A firm with a very constrained pay scale will not be able to keep its "best and brightest". I used this basic argument in a paper to help explain why you don't see player-owned teams in professional sport,
Another (more usual) example of a human-capital based "firm", but one where labour-owned firms are seldom, if ever, found, due to the heterogeneity of the human-capital involved, is that of the professional sports team. Here we have a situation where human capital, talent at playing a particular sport, is the basis for the “firm” but ownership by the human capital, the players, is extremely rare since a worker-owned team would be at a disadvantage relative to a player-as-employee based team.

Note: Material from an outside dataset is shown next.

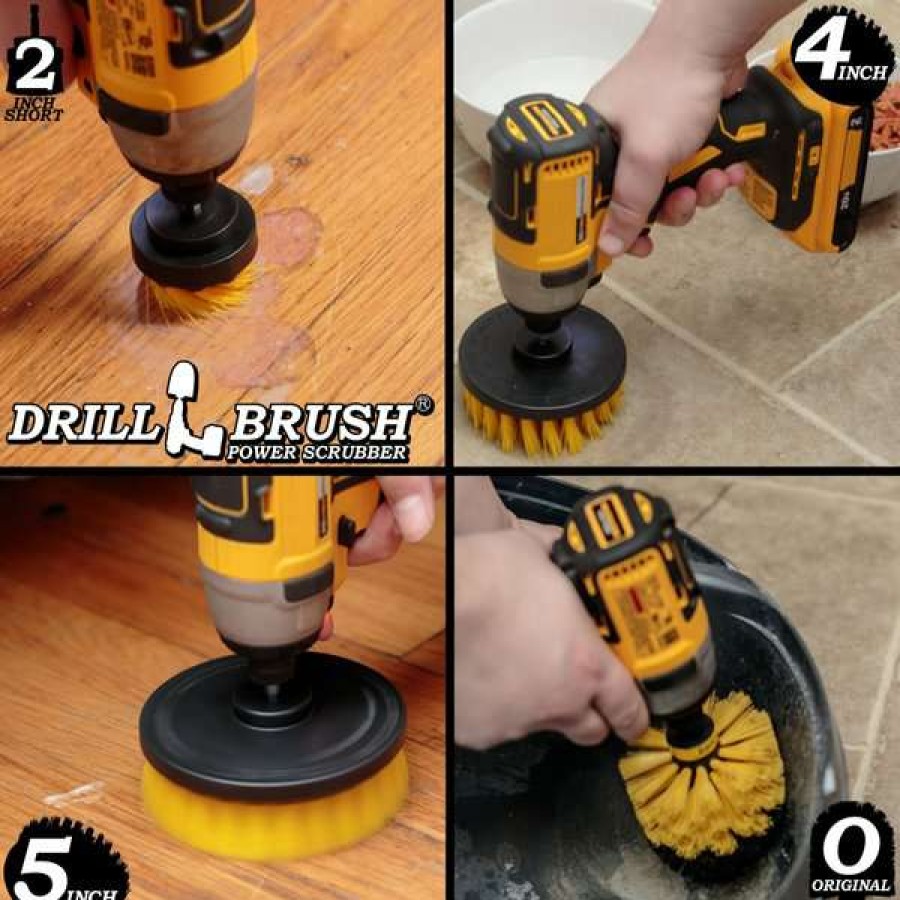 Cat * | Drillbrush Power Scrubber 4-Piece Stiffness Pet Stain & Hair Removal Kit, Medium Bristle Drill Brush Free Delivery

Heterogeneity among playing talent and thus earning potential acts as a disincentive to the formation of a worker cooperative, which involves (rough) equality in payment, since those players with the greatest earning potential, the largest outside options, will transfer away from the cooperative to maximise their income stream. Differential payment schemes can occur, especially within partnerships, but they require that the individual employee productivities are sufficiently easy to measure so that a relatively objective method of productivity related pay is possible. Given the team production nature of team sports productivities are difficult, if not impossible, to estimate and thus payment by productivity is not feasible, which argues in favour of equality in payments. Thus a worker-owned team would have few, if any, star players, a handicap in the winner-takes-all world of professional sports.